Introduction: Human cytochrome p450 (CYP) enzyme expression and activity is lower in the fetus as compared to the adult; however, limited quantitative data exists regarding the specific differences in magnitude or the degree of inducibility due to environmental factors.

Methods: We utilized a combination of in silico- and molecular-based approaches to profile and compare CYP expression/activity in human adult liver and fetal tissues. Using public datasets, we evaluated human CYP expression between: 1) placenta vs. adult livers; 2) fetal vs. adult livers; or 3) five compartments of the human placenta. We generated new experimental data, characterizing expression levels of nine CYPs in placenta/fetal liver vs. adult liver. In a subset of samples, we evaluated CYP3A4 activity. Finally, we summarized evidence of human fetal CYP expression/activity and environmental exposures during pregnancy.

Results: In silico, CYPs were predominately expressed at higher levels in the adult liver vs. fetal tissues, with a few noted exceptions. Sixty percent of CYP enzymes were expressed at nominal levels in the placenta. In wet-lab analyses, we observed significant CYP-specific differences in expression/activity between adult and fetal tissues; CYP2E1 and -3A4 were expressed significantly lower in fetal vs. adult livers, while CYP2J2 levels were similar.

Discussion: We provide a qualitative review of the expression of the CYP enzyme family in critical sites of xenobiotic distribution during human pregnancy and novel quantitative data regarding fetal CYP expression and activity during mid-gestation. Data outputs may be a resource for modeling predictions of chemical distribution and sensitivity.

Keywords: Cytochrome p450; Enzyme; Expression; Fetal; Liver; Placenta; Transcriptome.

Figure 1:. Routes of exposure and points of metabolism during human pregnancy.

Compounds are transferred from the mother to the embryo/fetus dependent on several factors such as the inherent properties of the compound, gestational age, and exposure route. Compound exposures occurring via oral exposure are absorbed through the intestinal tract and transported via portal-vein circulation to the liver, undergo first-pass metabolism, and then, enter the systemic circulation. Inhalation or dermal exposures bypass this initial step. In the earliest periods of pregnancy, compounds passively transfer from the mother to the placenta and the embryo proper. Later on in pregnancy, the embryo/fetus relies on the maternal blood supply and active transport. In humans, maternal and fetal blood do not coalesce. The placenta serves as the junction between the two units and compounds must pass through several barriers to reach the embryo/fetus.

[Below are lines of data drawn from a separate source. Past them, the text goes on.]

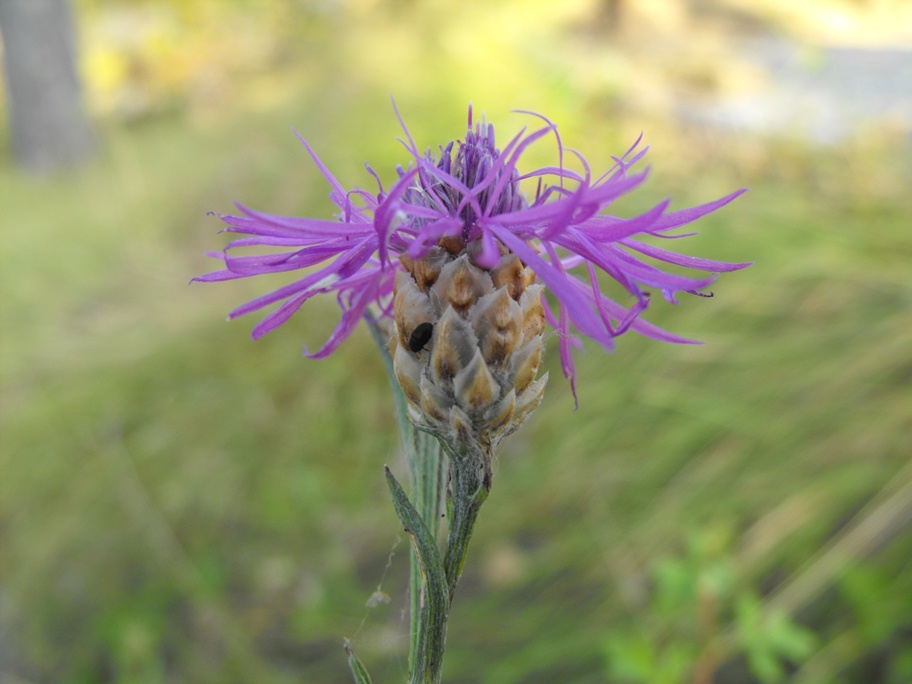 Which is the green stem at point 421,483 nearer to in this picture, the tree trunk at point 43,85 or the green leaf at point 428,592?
the green leaf at point 428,592

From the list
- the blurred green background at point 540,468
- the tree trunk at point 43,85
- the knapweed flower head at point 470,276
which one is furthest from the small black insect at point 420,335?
the tree trunk at point 43,85

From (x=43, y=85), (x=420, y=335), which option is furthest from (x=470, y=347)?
(x=43, y=85)

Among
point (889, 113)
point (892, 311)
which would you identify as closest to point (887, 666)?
point (892, 311)

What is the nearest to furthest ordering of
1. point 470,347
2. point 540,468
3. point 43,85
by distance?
point 470,347 < point 540,468 < point 43,85

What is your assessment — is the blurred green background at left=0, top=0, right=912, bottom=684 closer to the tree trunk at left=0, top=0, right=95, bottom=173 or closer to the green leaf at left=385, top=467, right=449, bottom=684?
the green leaf at left=385, top=467, right=449, bottom=684

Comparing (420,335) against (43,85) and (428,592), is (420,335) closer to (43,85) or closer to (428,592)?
(428,592)

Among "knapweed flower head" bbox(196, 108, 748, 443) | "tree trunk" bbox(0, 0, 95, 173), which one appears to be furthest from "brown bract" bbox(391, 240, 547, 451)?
"tree trunk" bbox(0, 0, 95, 173) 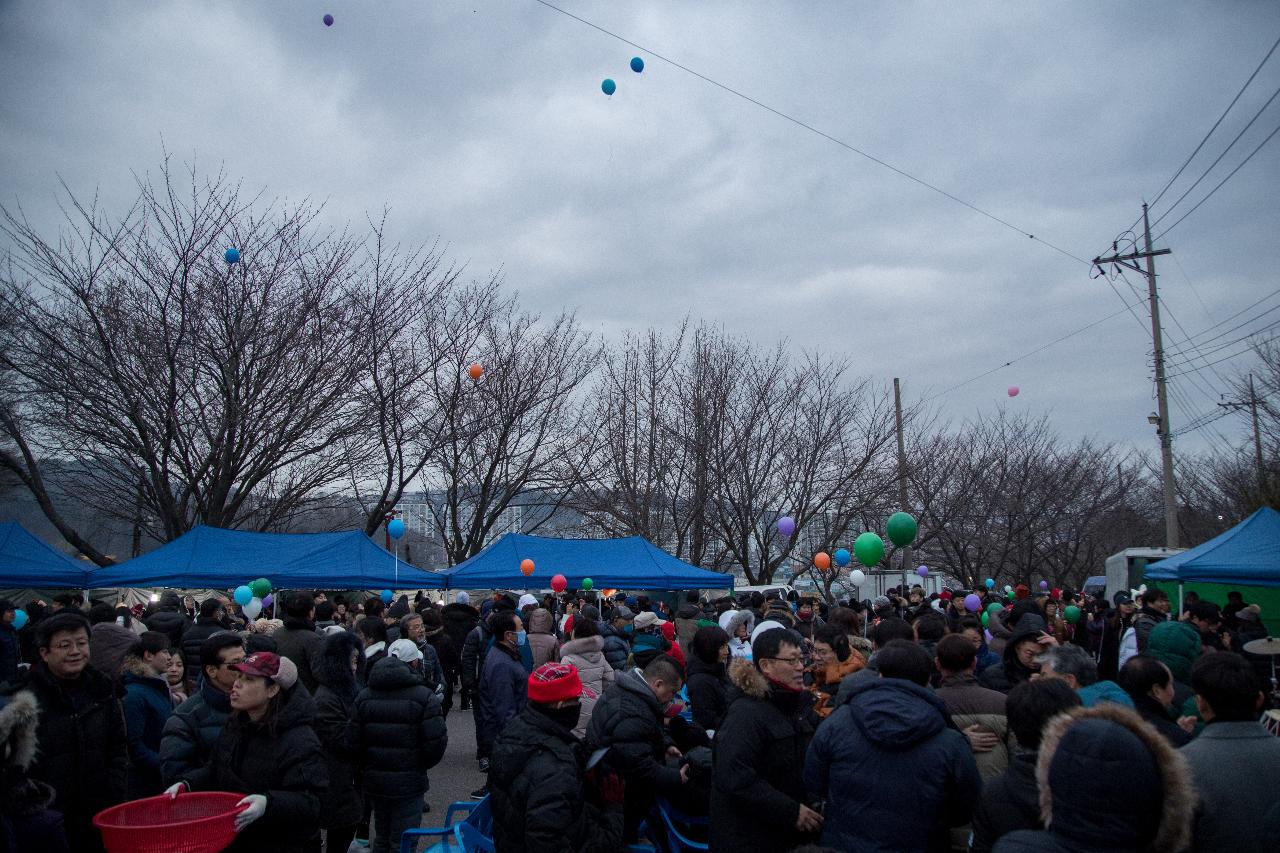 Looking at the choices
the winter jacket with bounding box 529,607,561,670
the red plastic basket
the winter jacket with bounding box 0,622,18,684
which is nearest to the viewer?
the red plastic basket

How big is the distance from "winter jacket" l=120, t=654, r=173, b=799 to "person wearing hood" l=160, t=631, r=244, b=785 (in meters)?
0.60

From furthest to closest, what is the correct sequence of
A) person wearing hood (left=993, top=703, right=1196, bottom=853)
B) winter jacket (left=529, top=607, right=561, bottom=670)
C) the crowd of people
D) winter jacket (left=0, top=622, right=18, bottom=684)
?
winter jacket (left=529, top=607, right=561, bottom=670)
winter jacket (left=0, top=622, right=18, bottom=684)
the crowd of people
person wearing hood (left=993, top=703, right=1196, bottom=853)

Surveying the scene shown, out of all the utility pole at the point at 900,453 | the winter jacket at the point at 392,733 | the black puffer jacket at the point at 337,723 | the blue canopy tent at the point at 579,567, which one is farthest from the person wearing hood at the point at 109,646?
the utility pole at the point at 900,453

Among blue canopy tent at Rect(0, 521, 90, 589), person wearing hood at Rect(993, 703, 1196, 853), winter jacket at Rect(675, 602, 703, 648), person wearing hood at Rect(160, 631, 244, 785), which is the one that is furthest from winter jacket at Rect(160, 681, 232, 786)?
blue canopy tent at Rect(0, 521, 90, 589)

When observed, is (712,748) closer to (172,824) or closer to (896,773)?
(896,773)

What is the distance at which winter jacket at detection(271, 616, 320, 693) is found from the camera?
6.74 metres

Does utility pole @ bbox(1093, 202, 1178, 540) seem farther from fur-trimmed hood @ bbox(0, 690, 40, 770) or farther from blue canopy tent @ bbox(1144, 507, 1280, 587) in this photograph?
fur-trimmed hood @ bbox(0, 690, 40, 770)

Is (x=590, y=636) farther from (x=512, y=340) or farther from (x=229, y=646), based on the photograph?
(x=512, y=340)

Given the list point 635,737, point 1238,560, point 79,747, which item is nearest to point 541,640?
point 635,737

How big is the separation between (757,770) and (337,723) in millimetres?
2880

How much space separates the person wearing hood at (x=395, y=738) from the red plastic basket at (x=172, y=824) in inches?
71.9

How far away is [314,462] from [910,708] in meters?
15.8

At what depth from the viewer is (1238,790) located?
2.95 meters

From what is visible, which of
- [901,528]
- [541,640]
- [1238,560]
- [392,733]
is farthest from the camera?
[1238,560] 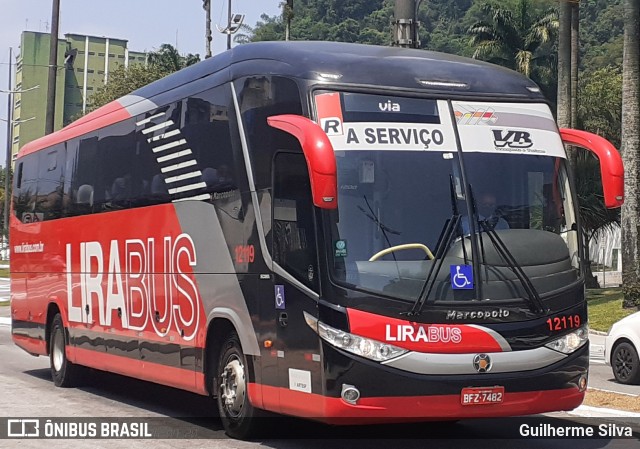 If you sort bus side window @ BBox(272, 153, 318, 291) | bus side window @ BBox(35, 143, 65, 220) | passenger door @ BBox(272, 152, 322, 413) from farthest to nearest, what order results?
bus side window @ BBox(35, 143, 65, 220) → bus side window @ BBox(272, 153, 318, 291) → passenger door @ BBox(272, 152, 322, 413)

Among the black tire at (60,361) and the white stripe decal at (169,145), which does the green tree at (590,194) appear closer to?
the black tire at (60,361)

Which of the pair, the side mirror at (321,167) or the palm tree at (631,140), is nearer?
the side mirror at (321,167)

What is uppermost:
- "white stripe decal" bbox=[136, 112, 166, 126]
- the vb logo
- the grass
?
"white stripe decal" bbox=[136, 112, 166, 126]

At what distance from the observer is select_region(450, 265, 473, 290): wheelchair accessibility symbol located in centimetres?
918

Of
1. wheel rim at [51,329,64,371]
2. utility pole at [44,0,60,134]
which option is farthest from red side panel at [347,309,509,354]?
utility pole at [44,0,60,134]

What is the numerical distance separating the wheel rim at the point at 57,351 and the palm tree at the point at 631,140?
51.6ft

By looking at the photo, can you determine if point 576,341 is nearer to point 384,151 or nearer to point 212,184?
point 384,151

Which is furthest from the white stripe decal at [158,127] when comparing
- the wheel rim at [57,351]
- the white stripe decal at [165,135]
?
the wheel rim at [57,351]

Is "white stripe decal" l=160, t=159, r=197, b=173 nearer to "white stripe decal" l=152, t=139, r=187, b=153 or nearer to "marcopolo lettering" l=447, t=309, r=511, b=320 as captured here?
"white stripe decal" l=152, t=139, r=187, b=153

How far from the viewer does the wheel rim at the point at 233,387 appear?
10.7 metres

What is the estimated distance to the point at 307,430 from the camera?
11.3m

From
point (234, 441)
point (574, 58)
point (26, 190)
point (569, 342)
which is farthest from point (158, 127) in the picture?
point (574, 58)

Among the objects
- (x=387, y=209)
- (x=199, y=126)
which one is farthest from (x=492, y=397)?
(x=199, y=126)

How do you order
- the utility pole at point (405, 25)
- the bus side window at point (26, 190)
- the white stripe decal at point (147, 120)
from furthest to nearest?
1. the bus side window at point (26, 190)
2. the utility pole at point (405, 25)
3. the white stripe decal at point (147, 120) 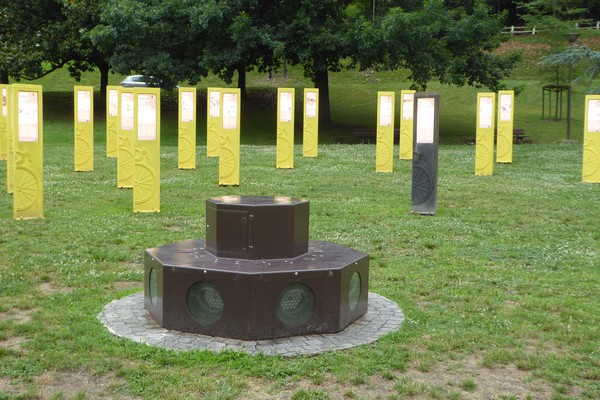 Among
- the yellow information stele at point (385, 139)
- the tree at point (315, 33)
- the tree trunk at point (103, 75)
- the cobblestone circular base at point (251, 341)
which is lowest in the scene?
the cobblestone circular base at point (251, 341)

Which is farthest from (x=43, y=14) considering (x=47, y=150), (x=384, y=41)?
(x=384, y=41)

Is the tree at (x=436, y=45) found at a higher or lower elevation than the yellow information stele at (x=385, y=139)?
higher

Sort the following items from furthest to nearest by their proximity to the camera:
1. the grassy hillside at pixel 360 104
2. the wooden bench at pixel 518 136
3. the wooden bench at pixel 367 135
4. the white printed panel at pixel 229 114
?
the grassy hillside at pixel 360 104 → the wooden bench at pixel 367 135 → the wooden bench at pixel 518 136 → the white printed panel at pixel 229 114

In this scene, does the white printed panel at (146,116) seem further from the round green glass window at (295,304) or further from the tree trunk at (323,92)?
the tree trunk at (323,92)

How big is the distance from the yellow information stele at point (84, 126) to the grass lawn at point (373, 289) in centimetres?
87

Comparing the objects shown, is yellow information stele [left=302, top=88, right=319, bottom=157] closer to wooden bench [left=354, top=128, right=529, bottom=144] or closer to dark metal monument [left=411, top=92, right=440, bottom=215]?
wooden bench [left=354, top=128, right=529, bottom=144]

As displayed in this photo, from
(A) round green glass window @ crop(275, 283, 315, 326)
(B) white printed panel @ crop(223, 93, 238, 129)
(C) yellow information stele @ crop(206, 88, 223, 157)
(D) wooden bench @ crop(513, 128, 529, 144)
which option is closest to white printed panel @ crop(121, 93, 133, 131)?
(B) white printed panel @ crop(223, 93, 238, 129)

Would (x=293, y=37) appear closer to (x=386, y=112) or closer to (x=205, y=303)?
(x=386, y=112)

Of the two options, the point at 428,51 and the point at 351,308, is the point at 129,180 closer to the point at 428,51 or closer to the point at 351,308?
the point at 351,308

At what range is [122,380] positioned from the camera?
5195 mm

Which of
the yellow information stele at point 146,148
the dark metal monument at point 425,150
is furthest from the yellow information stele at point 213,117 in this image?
the dark metal monument at point 425,150

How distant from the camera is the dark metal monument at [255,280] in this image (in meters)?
6.02

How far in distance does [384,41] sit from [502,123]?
8.60 metres

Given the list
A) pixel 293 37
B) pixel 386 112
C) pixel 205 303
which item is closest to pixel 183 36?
pixel 293 37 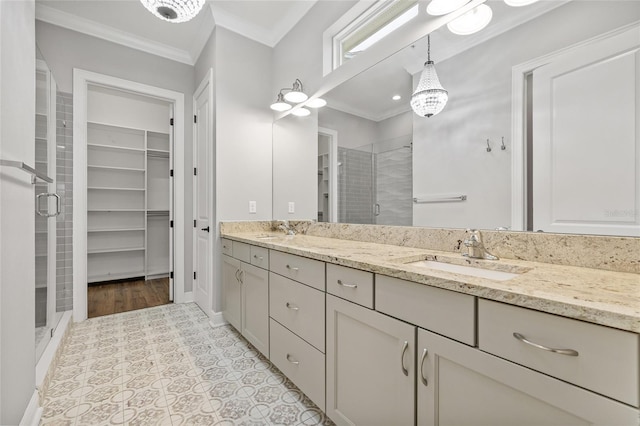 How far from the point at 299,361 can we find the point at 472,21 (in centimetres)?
198

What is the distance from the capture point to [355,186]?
2.07 metres

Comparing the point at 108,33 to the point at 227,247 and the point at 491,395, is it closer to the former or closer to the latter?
the point at 227,247

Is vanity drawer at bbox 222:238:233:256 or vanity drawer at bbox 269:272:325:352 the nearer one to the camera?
vanity drawer at bbox 269:272:325:352

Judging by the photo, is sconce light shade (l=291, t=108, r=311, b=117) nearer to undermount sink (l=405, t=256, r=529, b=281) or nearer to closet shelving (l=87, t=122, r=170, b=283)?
undermount sink (l=405, t=256, r=529, b=281)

Figure 2:. Global CYP expression profiles in human adult and fetal tissues.

Relative CYP expression (log 2 scale) in human 1^st trimester fetal and adult livers (A; GSE61279;[15]); or human term placenta and adult livers (E-MTAB-1733; B). CYPs in bold were identified to be differentially expressed between the two compartments (p<0.05; absolute FC > 1, log2). The average fold change (FC) difference between adult and fetal compartments is displayed to the right of each clustering heatmap. Expression levels of additional genes, include: X Inactive Specific Transcript (XIST), a transcript expressed higher in males versus females; Alpha-fetoprotein (AFP),a marker of liver immaturity; albumin (ALB), a marker of liver maturity; and Glycoprotein Hormones, Alpha Polypeptide (CGA), a placental hormone.

Figure 3:. Global CYP enzyme expression profiles of human placental regions.

Compartment-specific expression (RPKM) of CYPs in placental compartments (amnion, basal plate, chorion, villi, cytotrophoblasts) of 2nd trimester and term human placentas (GSE16368; [19]; A]). Median RPKM expression across all samples is displayed (right of heatmap). CYPs expressed at median levels above 1 RPKM are in bold.

Figure 4:. CYP expression in human adult livers and 2^nd trimester fetal livers.

Relative CYP RNA expression (log2) in human adult (n=9) and fetal livers (n=84). Values represent the adjusted log2 average and standard error (SE) to the mean. Asterisks (*) denote significance (t-test, p<0.05).

Figure 5:. CYP expression in human adult livers and 2^nd trimester placentas.

Relative CYP expression (log2) in human adult livers (n=9) and second trimester placentas (n=47). Asterisks (*) denote significance (t-test, p<0.05). Box plots represent the adjusted log2 average and standard error (SE) to the mean. Asterisks (*) denote significance (t-test, p<0.05).

Figure 6:. Activity of CYP3A4 in human placenta and adult/fetal livers.

Relative CYP3A4 activity (expressed as the total average rate of fluorescence units (AFU)).Asterisks (*) denote significance (t-test, p<0.05).